Work required: As the answer, set down the lines below from the one containing "Ansichtskarte Gizeh /" through the one containing "Apotheker Schrank Schwarz", exactly and inclusively, and no others.

Data:

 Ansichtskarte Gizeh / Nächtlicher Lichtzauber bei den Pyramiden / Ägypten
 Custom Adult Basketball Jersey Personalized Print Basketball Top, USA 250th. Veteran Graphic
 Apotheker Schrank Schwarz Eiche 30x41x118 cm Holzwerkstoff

--

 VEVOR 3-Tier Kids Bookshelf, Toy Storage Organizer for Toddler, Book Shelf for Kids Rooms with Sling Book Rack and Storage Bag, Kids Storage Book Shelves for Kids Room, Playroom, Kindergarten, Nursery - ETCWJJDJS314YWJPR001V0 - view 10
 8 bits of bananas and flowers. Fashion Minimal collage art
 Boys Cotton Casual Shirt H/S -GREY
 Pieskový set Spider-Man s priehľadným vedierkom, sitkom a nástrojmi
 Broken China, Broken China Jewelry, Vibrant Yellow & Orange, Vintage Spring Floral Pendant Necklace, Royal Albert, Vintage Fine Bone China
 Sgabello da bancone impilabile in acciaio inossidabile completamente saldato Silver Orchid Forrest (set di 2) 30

Task output:
 Ansichtskarte Gizeh / Nächtlicher Lichtzauber bei den Pyramiden / Ägypten
 Custom Adult Basketball Jersey Personalized Print Basketball Top, USA 250th. Veteran Graphic
 Apotheker Schrank Schwarz Eiche 30x41x118 cm Holzwerkstoff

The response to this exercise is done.